Unfortunately, these people don’t often configure the same system the exact same way, even when working for a common organization. A team of real people initially configured the system, often times differently than the last, and people are needed to reconcile that over the course of the enterprise. 

This “one version of truth” is critical and is too often overlooked in the beginning stages of a project. This inevitably leads to a project never reaching completion, as the minutiae related to standardizing data integration can drag the entire process to a halt before even going live. Developers often have difficulty agreeing with one another during these projects because their priorities lie in different areas. Strong, human project managers are needed to bring the team together in order to organize this chaos before it occurs. With a capable leader at the head if the team, every member has the same goal in mind when it comes to data requirements and the overall flow of the project.

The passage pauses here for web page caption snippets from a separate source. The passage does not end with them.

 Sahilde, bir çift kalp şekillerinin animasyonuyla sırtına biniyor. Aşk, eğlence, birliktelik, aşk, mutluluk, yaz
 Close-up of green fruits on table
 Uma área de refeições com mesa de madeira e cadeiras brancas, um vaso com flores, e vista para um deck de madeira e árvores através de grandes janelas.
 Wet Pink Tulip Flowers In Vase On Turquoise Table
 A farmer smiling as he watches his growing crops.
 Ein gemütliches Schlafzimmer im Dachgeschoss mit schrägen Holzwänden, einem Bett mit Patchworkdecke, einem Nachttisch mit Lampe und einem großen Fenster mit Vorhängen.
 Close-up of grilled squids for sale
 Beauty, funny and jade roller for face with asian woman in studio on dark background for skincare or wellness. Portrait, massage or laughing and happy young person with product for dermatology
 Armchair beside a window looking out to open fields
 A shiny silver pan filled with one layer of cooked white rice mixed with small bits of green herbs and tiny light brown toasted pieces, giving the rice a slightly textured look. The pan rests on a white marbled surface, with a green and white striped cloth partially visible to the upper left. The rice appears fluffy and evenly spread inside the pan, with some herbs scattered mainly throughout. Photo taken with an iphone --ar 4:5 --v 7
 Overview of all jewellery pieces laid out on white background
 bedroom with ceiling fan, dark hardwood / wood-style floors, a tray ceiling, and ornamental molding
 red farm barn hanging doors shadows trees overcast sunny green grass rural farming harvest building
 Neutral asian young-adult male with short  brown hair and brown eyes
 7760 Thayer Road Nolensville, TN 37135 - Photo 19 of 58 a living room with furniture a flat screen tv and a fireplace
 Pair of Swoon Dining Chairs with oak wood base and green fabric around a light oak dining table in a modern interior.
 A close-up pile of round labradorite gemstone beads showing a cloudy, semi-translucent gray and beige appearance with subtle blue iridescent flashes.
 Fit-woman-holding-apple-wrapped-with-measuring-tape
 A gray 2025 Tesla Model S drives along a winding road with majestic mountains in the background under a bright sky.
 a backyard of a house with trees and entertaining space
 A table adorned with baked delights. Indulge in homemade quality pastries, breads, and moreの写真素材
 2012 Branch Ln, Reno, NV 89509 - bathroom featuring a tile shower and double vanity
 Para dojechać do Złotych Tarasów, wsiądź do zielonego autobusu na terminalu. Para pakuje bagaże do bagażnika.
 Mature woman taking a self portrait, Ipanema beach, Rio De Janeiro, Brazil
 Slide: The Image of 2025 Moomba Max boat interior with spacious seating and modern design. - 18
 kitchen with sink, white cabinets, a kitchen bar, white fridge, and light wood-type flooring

The second topic that the article touches on is “applying the technology”. The author leads the reader to believe the tools are fairly similar from one to the next, “with only minor technical differences between them”. However, if you know anything about data integration, you know this is not true in the slightest. 

Additionally, this negates the importances of human intellect when an organization chooses what technology to use and how to use it. The “how” is of utmost importance, based upon you9r organization’s approach to integration. If integration is merely seen as a one-off event, the vision for data strategy is important at best, and nonexistent at worst. With his approach, many developers are required, and little operational efficiency will be gained, leader to later integrations becoming bother a time and financial vacuum. Many organizations never integrate correctly the first time, but have plenty of resources to do it again. 

If you’re reading this article, it’s unlikely you are part of one of those organizations. 

The “how” should define the “what”. The approach should be a consolidated data strategy across the organization. Frequently, a common data set can be exchanged across multiple partners. Despite the fact that the data being shared is exactly the same, each partners will have their own project for this data. The approach should be such that the processes and data can simply be duplicated – cute and paste – then tested. The technology should fit this approach of configuration, not programming or coding. 

Stop struggling with time and resources-wasting technology.

Find a partner that is willing to walk with you every step of the way in order to define a data strategy that can bring clarity to your business needs. Make data-driven decisions to remove the guesswork.

It all starts with defining your data for a specific project, and later, your organization as a whole. Once your organization has a solid data integration strategy, projects that use AI and machine learning, in addition to human intellect, become far more efficient.